Privar alguém de um tratamento médico eficaz (ou do acesso à água limpa) em nome do respeito à tradição significa várias coisas e todas elas preocupantes: significa, por exemplo, imaginar que a existência humana consiste em uma mera repetição dos costumes do passado, como se a própria vida e a mudança das condições em que ela se opera (para melhor e para pior) não devessem ser levadas em conta; no caso da medicina, voltam-se as costas para a penicilina, os antibióticos, a sulfa, a modificação genética e mesmo para os avanços higiênicos, que há décadas e séculos, comprovadamente, ampliam enormemente as possibilidades de preservar a vida e a saúde das pessoas. Voltam-se também as costas para o fato de que as sociedades contemporâneas pouco ou nada têm em comum com as sociedades tradicionais, uma vez que os valores tribais, familiares, grupais vão sendo inevitavelmente modificados por valores e práticas de sociedades de massa, compostas de multidões de indivíduos, interconectados por tecnologias, interesses e problemas comuns. Saber se a vida em uma sociedade urbana, de massa, é melhor ou pior do que o bucolismo de uma cidade do interior ou comparar a qualidade da ciência contemporânea com o conhecimento tradicional são outra conversa. Diga-se de passagem que, a julgar pela desenvoltura com que se adaptaram aos celulares, às filmadoras e às caminhonetes importadas, nem os próprios índios brasileiros, em sua maioria, se consideram primitivos, a não ser quando isso serve a alguns propósitos específicos. O tio da indiazinha, que deu entrevistas à TV, aliás, demonstra uma fluência verbal e um conhecimento da legislação constitucional invejável que não são típicas de um aborígene primitivo.

Nem todos os direitos constitucionais são da mesma hierarquia. O direito à vida se sobrepõe a qualquer outro, mesmo porque transcende à Constituição para se inserir no grupo dos direitos de todo e qualquer indivíduo, independentemente de leis de qualquer espécie.

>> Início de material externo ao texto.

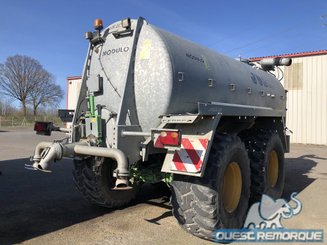 Tonne à lisier Joskin 16000 L MODULO 2 - 3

Além disso, as convicções de uma pessoa não podem colocar a vida de outrem em risco e podem se aplicar, no máximo, à própria vida. Se o tio das indiazinha, quando for mordido por uma cobra, decidir que a reza do pajé é melhor que o soro antiofídico, ótimo para ele. Mas não pode colocar a vida da sobrinha em perigo para fazer valer as suas crenças.

Belmiro Valverde Jobim Castor é professor do Doutorado em Administração da PUC PR.